Let $\struct {\Omega, \Sigma, \Pr}$ be a probability space.

Let $X$ be a real-valued random variable on $\struct {\Omega, \Sigma, \Pr}$.

Let $F_X$ be the cumulative distribution function of $X$.

Then:

$F_X$ is right-continuous.

## Proof

Let $x \in \R$.

We show that $F_X$ is right-continuous at $x$.

We use Sequential Right-Continuity is Equivalent to Right-Continuity in the Reals: Corollary, and will show that:

for all monotone sequences $\sequence {x_n}_{n \mathop \in \N}$, with $x_n > x$ for each $n$, that converge to $x$ we have:
$\map {F_X} {x_n} \to \map {F_X} x$

Let $\sequence {x_n}_{n \mathop \in \N}$ be a monotone sequences with $x_n > x$ for each $n$ that converges to $x$.

Then $\sequence {x_n}_{n \mathop \in \N}$ is a decreasing sequence.

So:

$\sequence {\hointl {-\infty} {x_n} }_{n \mathop \in \N}$ is a decreasing sequence of sets.
$\ds \bigcap_{n \mathop = 1}^\infty \hointl {-\infty} {x_n} = \hointl {-\infty} x$

Let $P_X$ be the probability distribution of $X$.

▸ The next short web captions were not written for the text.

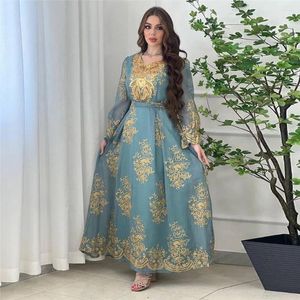 Etniska kläder Eid -paljettbroderi Abaya klänning för kvinnor Modest Muslim Arab Moroccan Kaftan Dubai Robe Ramadan Jalabiya Gown Femme Caftan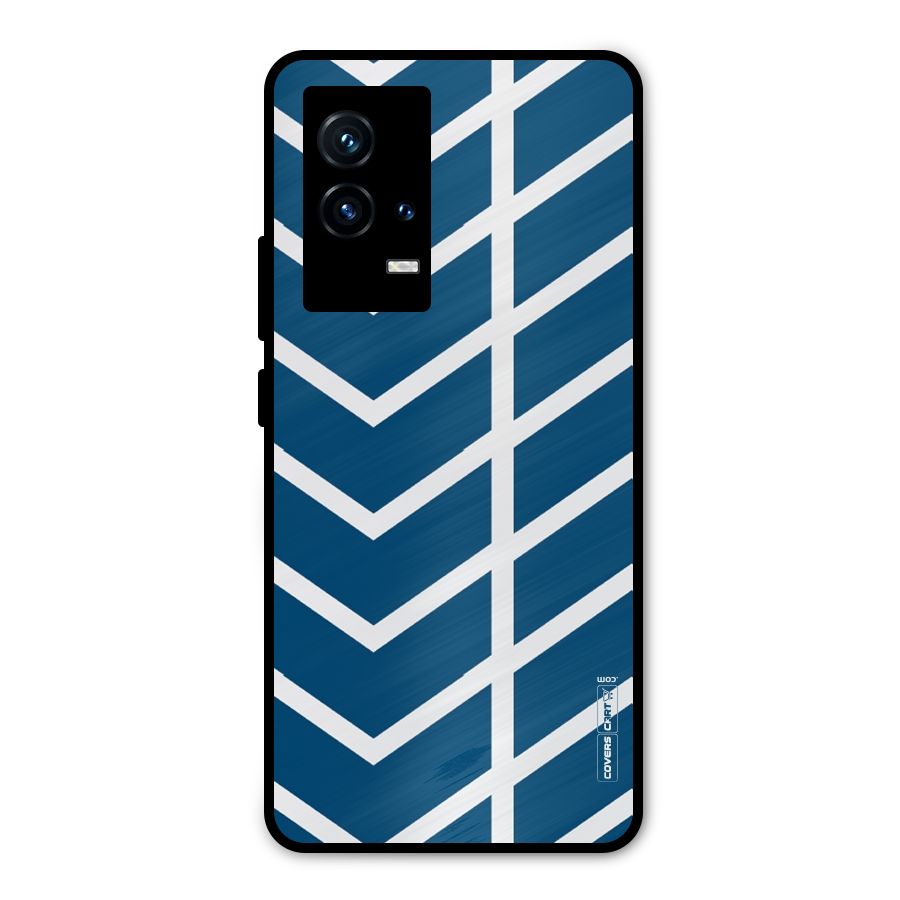 Blue White Pattern Metal Back Case for iQOO 9 5G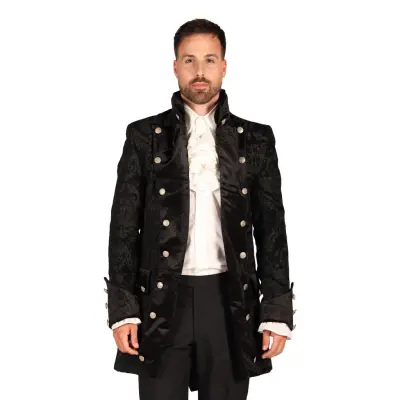Pirat Kappa Brocade Herr Svart Deluxe - Medium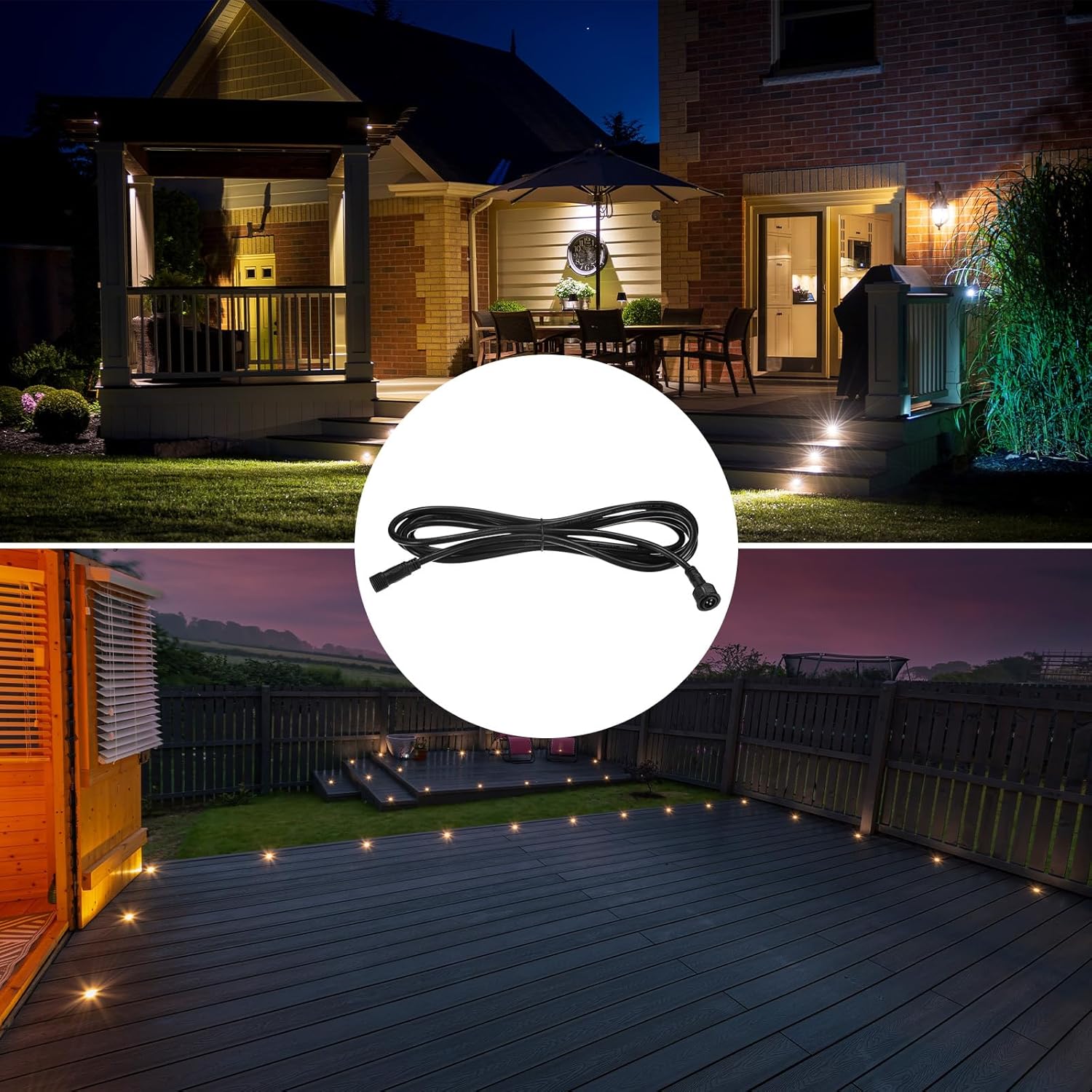 M METERXITY 2-Pack Waterproof Extension Cable, 3 Pin 9.84 Ft/3m Extension Cord Wire with 18AWG IP67 Male and Female Connectors for Outdoor Spotlights/LED Deck Lights [Black]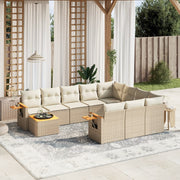 Tuinset 11-delig poly rattan beige met kussens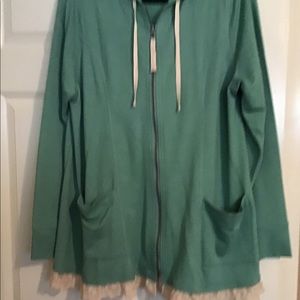 Logo hooded zip front micro fleece jacket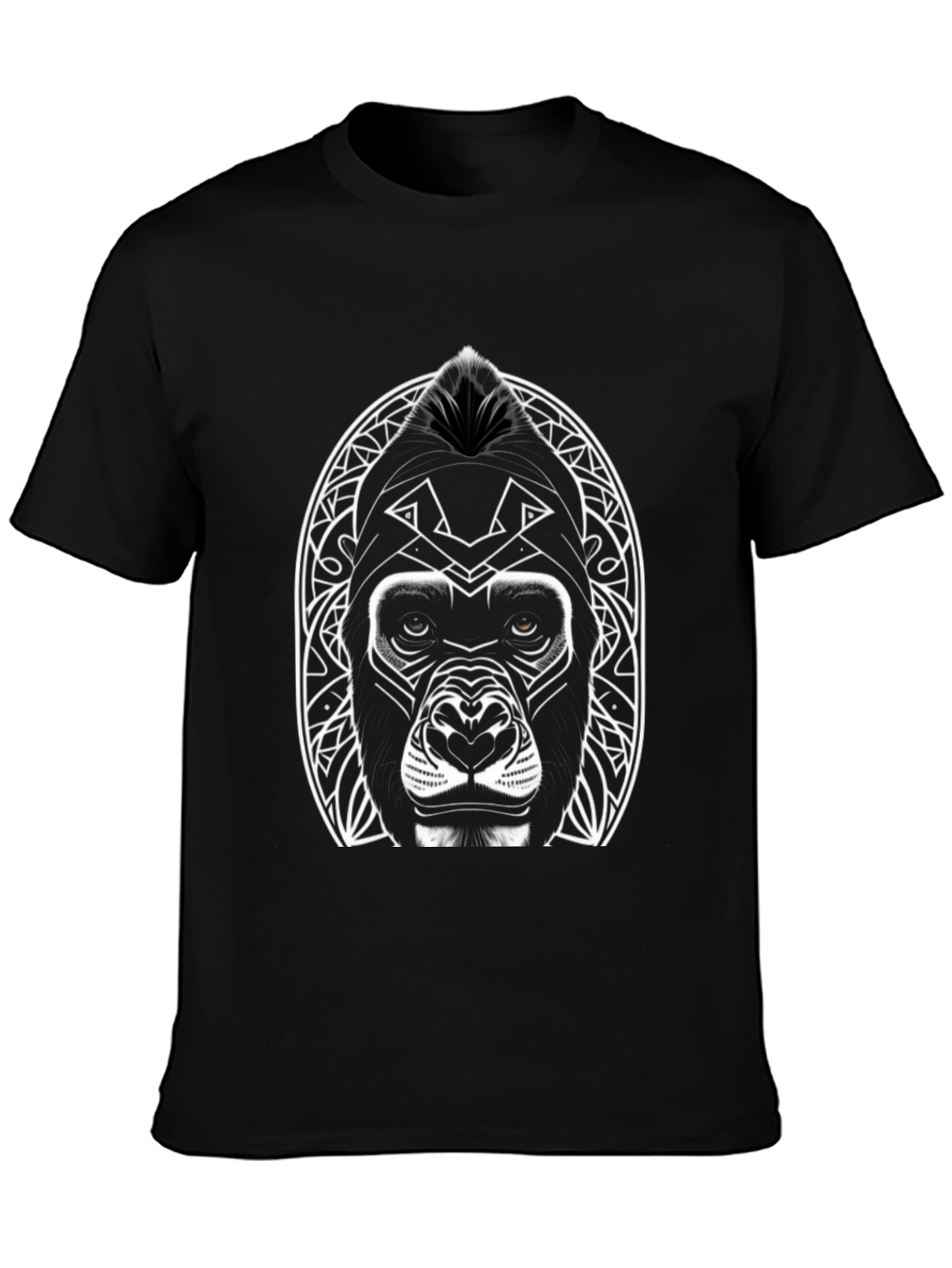Tribal Gorilla Graphic T-Shirt - Black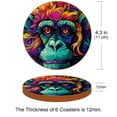 thumbnail image 3 of Monkey 6PCS Microfiber Leather Round Car Coasters - Set of 6 Drink Mats for Car Cup Holders, 11x11 cm/4.3x4.3 inches, Absorbent Auto Accessories, 3 of 6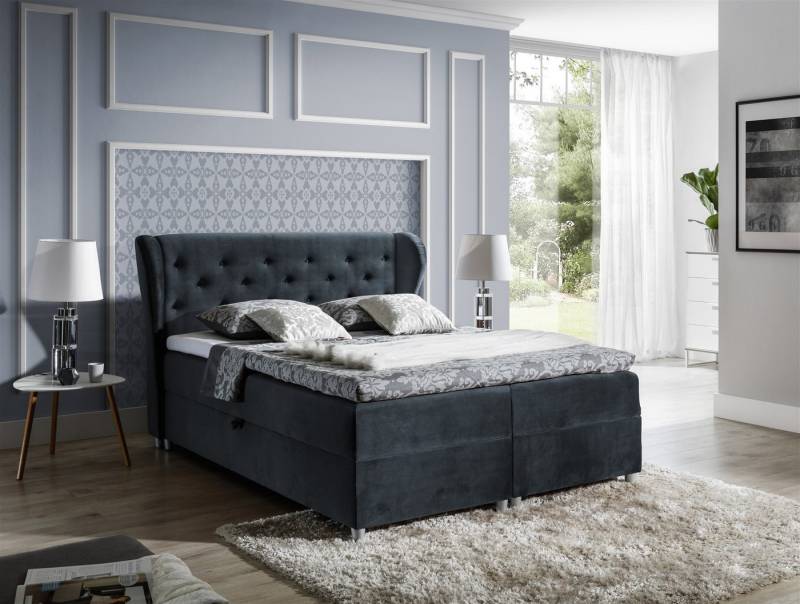 Fun Möbel Boxspringbett Boxspringbett Schlafzimmerbett Arianna in Stoff Anthrazitgrau (N/A, 1-St., inkl. Kaltschaumtopper), inkl. Topper, inkl. Bettkasten von Fun Möbel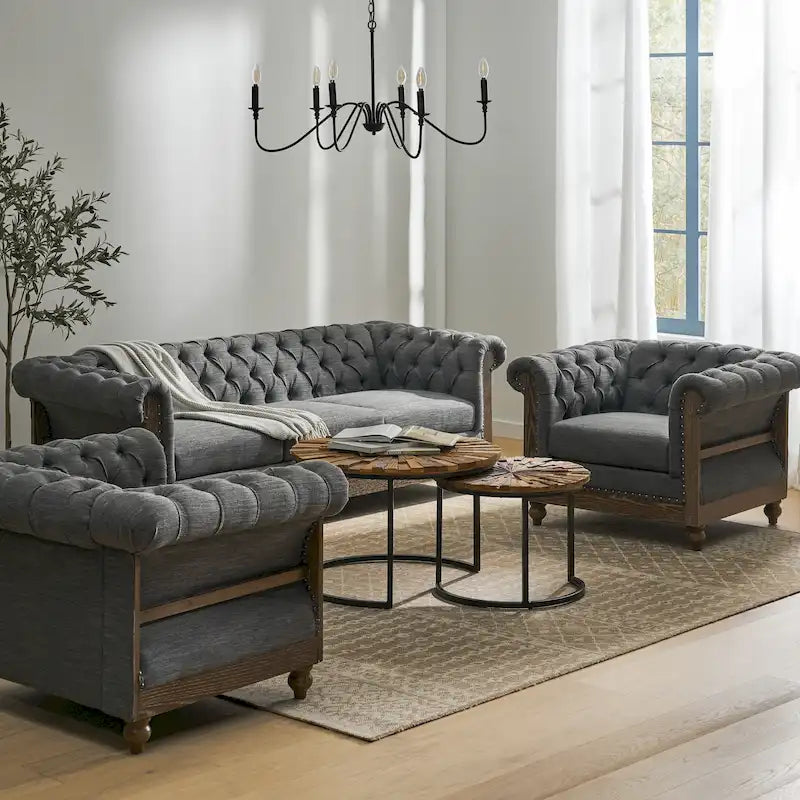 Canapé de salon en tissu et fauteuils d'appoint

Note that $P_X$ is a finite measure.

So, from Measure of Limit of Decreasing Sequence of Measurable Sets, we therefore have:

$\ds \map {P_X} {\hointl {-\infty} x} = \lim_{n \mathop \to \infty} \map {P_X} {\hointl {-\infty} {x_n} }$

So we obtain:

 $\ds \map {F_X} x$ $=$ $\ds \map \Pr {X \le x}$ Definition of Cumulative Distribution Function $\ds$ $=$ $\ds \map {P_X} {\hointl {-\infty} x}$ Definition of Probability Distribution $\ds$ $=$ $\ds \lim_{n \mathop \to \infty} \map {P_X} {\hointl {-\infty} {x_n} }$ $\ds$ $=$ $\ds \lim_{n \mathop \to \infty} \map \Pr {X \le x_n}$ Definition of Probability Distribution $\ds$ $=$ $\ds \lim_{n \mathop \to \infty} \map {F_X} {x_n}$ Definition of Cumulative Distribution Function

So, since $\sequence {x_n}_{n \mathop \in \N}$ was arbitrary:

for all monotone sequences $\sequence {x_n}_{n \mathop \in \N}$, with $x_n > x$ for each $n$, that converge to $x$ we have:
$\map {F_X} {x_n} \to \map {F_X} x$
$F_X$ is right-continuous at $x$.

$\blacksquare$